At least he now seems to be assured of the Chancellor’s support. "Manfred Weber is to become president of the EU Commission," Angela Merkel shouts into a sports hall in Zagreb on Saturday. There she was received like a pop star. As they marched in, the Croatian version of "Eye of the Tiger" played; the announcer on stage calls Merkel a "political icon of Europe". If Merkel were up for election as EU Commission president, she would have the votes of the 6,000 men and women in the Drazen Petrovic Basketball Hall.
It all comes down to Merkel
But the German chancellor is just a campaign worker for Weber. Bizarrely enough, she has so far not intervened in the euro election campaign in Germany, but is now jumping to Weber’s side in Croatia. It depends on Merkel whether the CSU man will actually become head of the Commission. Because Weber is not only dependent on the election results on Sunday, he also needs the favor of the heads of state and government.

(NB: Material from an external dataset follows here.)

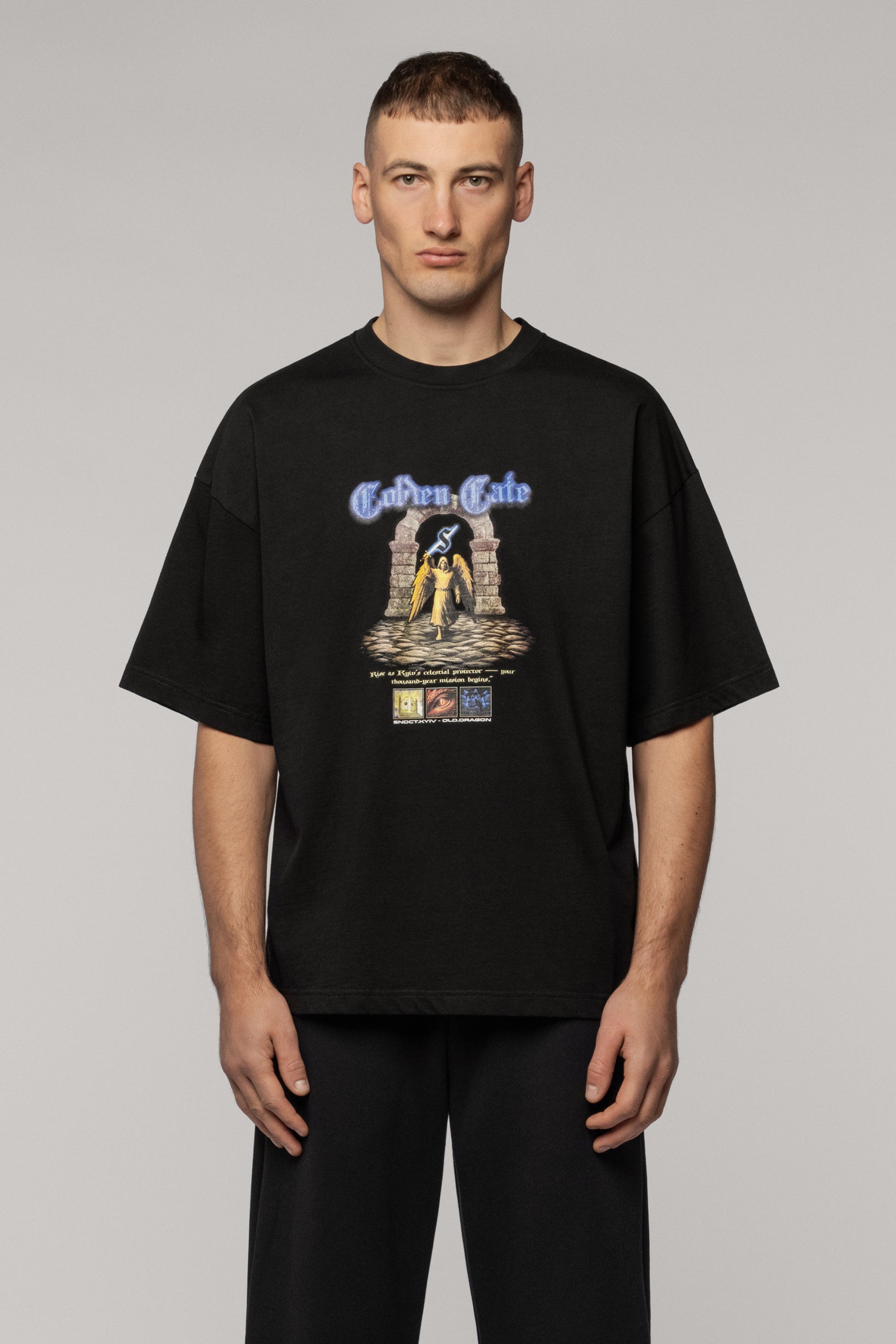 SNDCT x Old Dragon Чорна Оверсайз Футболка Angel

Weber is very well connected in the European Parliament. But even his party friends doubt that his wires reach all the way to Brussels, into the depths of the Commission bureaucracy, and all the way to the government headquarters in the capitals. The fact that he has no government experience is also interpreted as a disadvantage for Weber. He himself turns the criticisms into an advantage: they only underline his distance from the Brussels clique. "I want to give Europe back to the people," Weber said of Weber.
The top candidate as head of the Commission: Macron does not want that
However, he may not get the opportunity to do so. Because some heads of government don’t think much of the top candidate concept – i.e., that the top candidate whose party family emerges victorious from the election is entitled to the chairmanship of the commission.

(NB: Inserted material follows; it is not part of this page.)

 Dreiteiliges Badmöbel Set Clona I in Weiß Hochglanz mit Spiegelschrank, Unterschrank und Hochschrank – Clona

French President Emmanuel Macron, for example, is a bitter opponent of this procedure, which was first practiced in 2014 at the instigation of Jean-Claude Juncker and the then SPD candidate Martin Schulz. As long as there are no transnational lists that allow, for example, a German to vote for a Dutch candidate, as long as there can be no pan-European top candidates, says Macron. A long line of liberal heads of government from the Benelux countries and Scandinavia have joined Macron on this issue.
Weber and the mercy of government leaders
The double dependence on election results and the grace of government leaders diminishes Weber’s chances. He knows this – and counters with the accusation that his critics are doing the business of those who want to undermine democracy in Europe. "What should be wrong with telling people before the election who will be Commission president afterwards?"Weber said a few days ago in an interview with RedaktionsNetzwerk Deutschland.
Perhaps the Lower Bavarian will already know on Tuesday of next week where his journey will take him. Because that’s when Merkel, Macron and Co. get together. to a dinner in Brussels to bend over the results of the European election. Until then, Weber will continue to move through Europe.